Exercise instructions
Reproduce the data below exactly. Skip the pictures.

Data shown
____

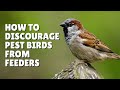 How To Discourage Pest Birds from Feeders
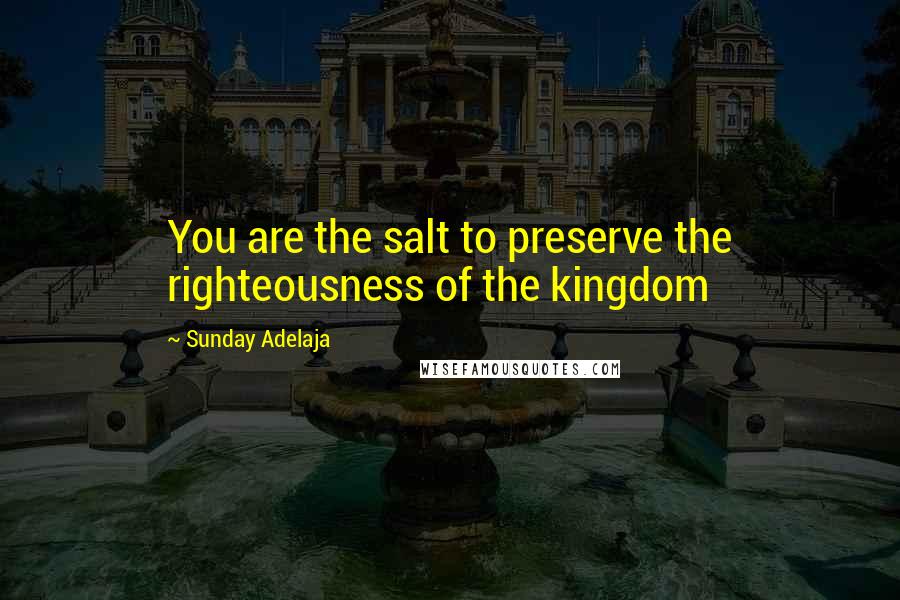 Sunday Adelaja Quotes: You are the salt to preserve the righteousness of the kingdom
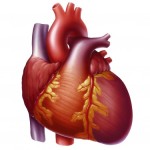 Nguyên nhân gây nhồi máu cơ tim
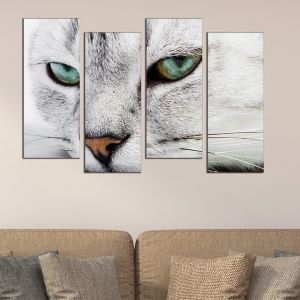 0121 Wall art decoration (set of 4 pieces) Cat eyes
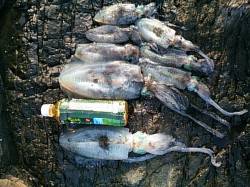 すさみ・串本・白浜でエギング☆29杯=総重…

____

Result
 How To Discourage Pest Birds from Feeders
 Sunday Adelaja Quotes: You are the salt to preserve the righteousness of the kingdom
 Nguyên nhân gây nhồi máu cơ tim
 0121 Wall art decoration (set of 4 pieces) Cat eyes
 すさみ・串本・白浜でエギング☆29杯=総重…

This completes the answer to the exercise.